Göçmenlerin uyumu ve toplumsal kabul düzeyinin yükselmesi sendikaların en ön saflarda yer almaları ile başarılabilir. BWI Türkiye sendikaları, temsil ettikleri 50 bini aşkın üye ile bu yolda sizlerle dayanışma içerisinde olacaktır. Unutulmamalıdır ki, söz konusu insan hakları ise “önce ben, yalnız ben” demek kabul edilemez”.
BWI Avrupa Komitesi’nin Avrupa’ya göç üzerine müzakerelerin gerçekleştiği beşinci gündem maddesi, EFBWW Başkanı Dietmar Schafers ve BWI Avrupa Komitesi Başkanı Josef Muchitsch’in son notları ile geçildi.

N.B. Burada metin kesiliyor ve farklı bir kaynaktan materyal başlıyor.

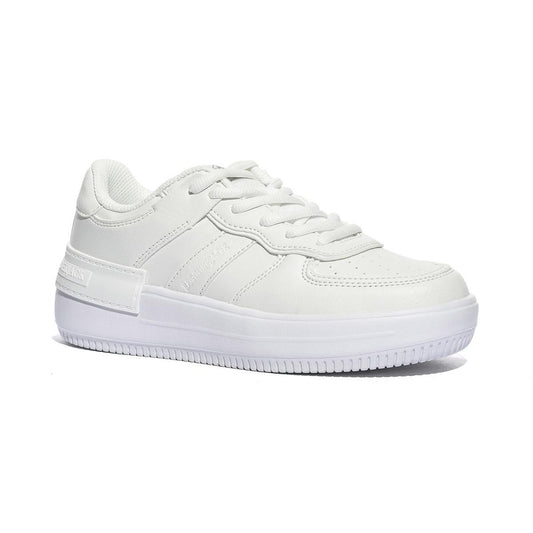 LUMBERJACK 102268546 WHITE Sneakers Donna 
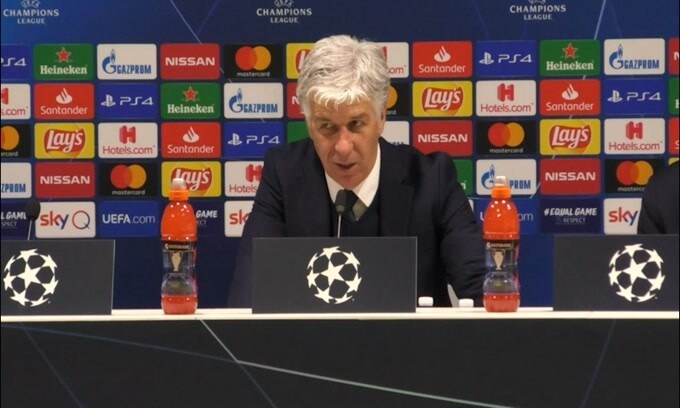 Gasperini: "Etichetta da grande squadra? Non possiamo mettercela noi"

Schafers, “Mülteci krizinin aşılması için 28 AB üyesi ülkenin tamamı gereken adımları atmalıdır, ancak şunu görüyoruz ki tüm külfet yalnızca Türkiye ve Almanya tarafından omuzlanmaktadır” sözlerine yer verirken Muchitsch “Göçmenler tüm Avrupa ülkeleri arasında adil bir biçimde paylaşılmalı ve toplumlarımıza entegre edilmelidirler” dedi.
Komite toplantıları BWI Eğitim Sekreter Yardımcısı Jasmin Redzepovic’in enternasyonalin Avrupa faaliyetlerine ilişkin raporu sunumu ile devam etti. Raporda sendikamız tarafından yürütülen ve taşeron eliyle çalışan işçilerin kadroya geçmeleri ve toplu iş sözleşmemiz kapsamına alınmaları ile sonuçlanan örgütlenme kampanyamız, İstanbul’da yapımı süren üçüncü havalimanı ile TANAP projelerindeki örgütlülüğümüz, BWI ve sendikamız tarafından Türkiye’de gerçekleştirilen geniş çaplı projelere kredi sağlayan kuruluşlarla gerçekleştirdiğimiz müzakereler geniş yer tutmaktaydı.
BWI Avrupa Komitesi 2016 yılı birleşimi Avrupa Kadın Komitesi toplantısı raporunun sunumu ve onanması, BWI Genel Sekreteri Ambet Yuson’un 2017 yılında gerçekleşecek BWI Dünya Kongresi hazırlıklarına ilişkin güncel bilgileri aktarması ve Moldova ile Hırvatistan’dan iki sendikanın BWI üyeliğine kabulünün oybirliği ile kararlaştırılması ardından sona erdi.